Sometimes it would just be a head-shaking "can you believe it?" and a spirited discourse on how the case could have been handled better. Now and then, though, head-shaking wasn't enough. If the miscarriage lay in some particularly heinous crime--a serial rapist, a thrill killer, kiddie porn--the talk took another turn, into the realm of biblical eye for-an-eye justice.

My father usually kept quiet during such debates. Then, one time, the conversation turned more heated than I'd ever heard it, over the case of a ten-year-old girl who'd been tortured and murdered. That time Mr. Weekes--a former law professor turned librarian--was the only defender of mercy. When my father had tried to squelch the argument, my uncle had turned to him.

"For God's sake, Bill. Are you telling me if some sick bastard did this to Nadia, you wouldn't want to shoot him yourself?"

Without hesitation my father said, in his usual quiet voice, "Of course I would."

After Amy died, I wanted to sit in on her killer's trial. My aunt--Amy's mother--had tried to talk my dad out of letting me, but he'd only said, in that same soft way, "I want her to see justice done."

I wasn't allowed to stay for the whole trial--my father took me out during any parts he deemed unsuitable. But even from what I saw, I knew things weren't going well. Everyone thought it would be so simple. The police had been on the scene moments after Amy's death, giving her killer time to run but not to cover his traces or hide evidence.
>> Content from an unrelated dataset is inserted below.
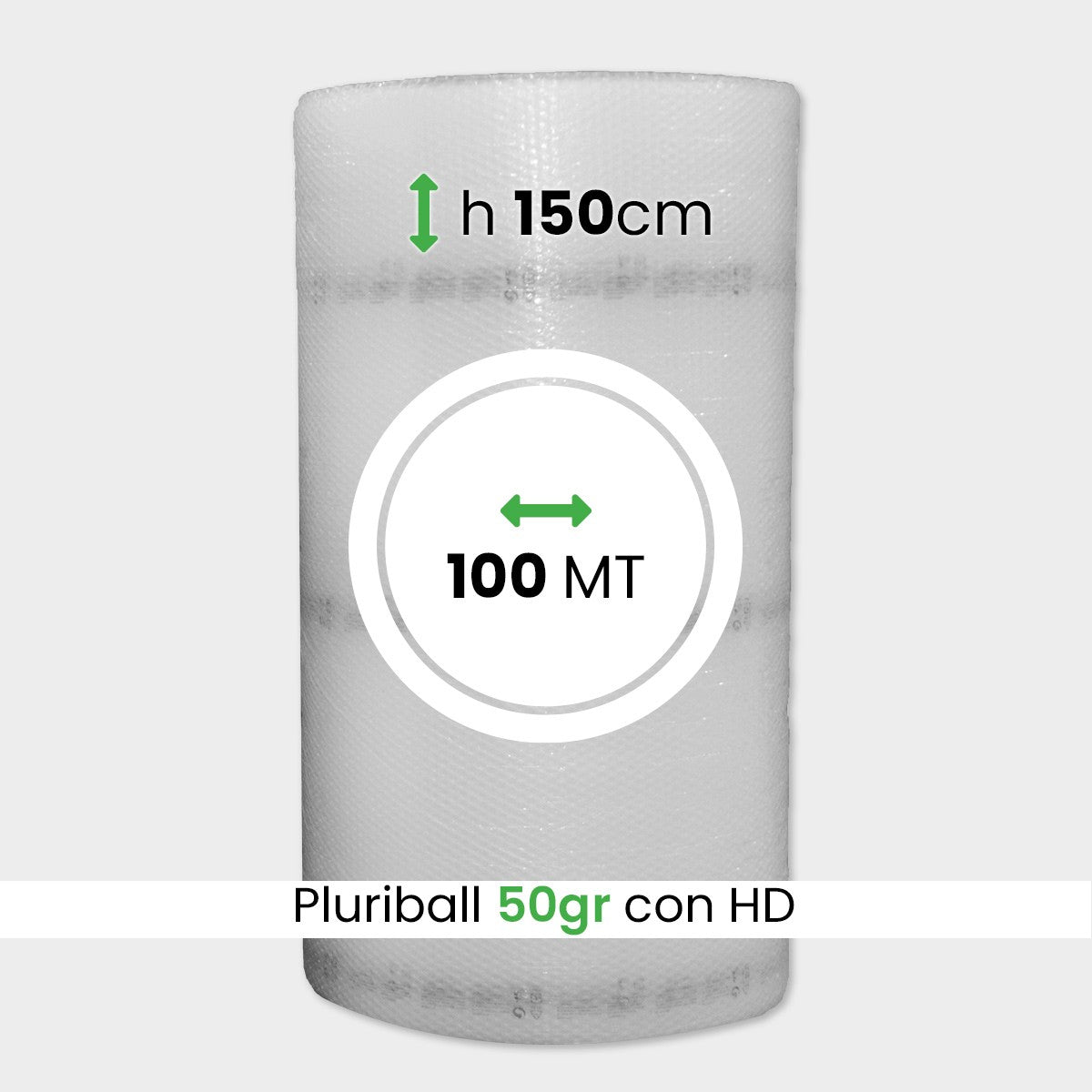bobina di pluriball leggero rinforzato con HD altezza 150cm lunghezza 100m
And they had me, an eyewitness.

Yet it hadn't been that easy. Those police on the scene had included the father and uncle of the victim, not acting as investigators and sealing off the scene, but rushing in hoping to save her, hoping to catch her killer. Mistakes had been made. Accusations of tampering were lobbed.

And I wasn't allowed to testify. As for why, I remember only whispered meetings behind closed doors--the crown attorney with my father, my father with my mother, my parents with Amy's. Then came the shrinks. Two of them. First one, gently taking me through that day. More whispered conferences with my father and the lawyer followed. Then came the second psychologist. More questions. More prodding. After that, the whispering stopped and the decision was made. I would not testify.

I can only presume they were afraid to put me on the stand. I'd been thirteen, kidnapped, seen my cousin raped, then escaped...only to fail to bring help in time. At best, I was a traumatized witness. At worst, I was a liar, coached by my father and uncle to accuse an innocent man.

Drew Aldrich was acquitted.

At first, I blamed myself. I'd failed Amy once, by running away, then failed her again, by not convincing the prosecutor and the psychologists that I was strong enough to testify. But they had my statements. That should have been enough.

It might have been different if I'd been able to add charges to the case. But Amy had been the victim, not me.

It didn't matter. Whatever I had done, or failed to do, justice would still be served. That was why I was here. To see justice. My father had promised.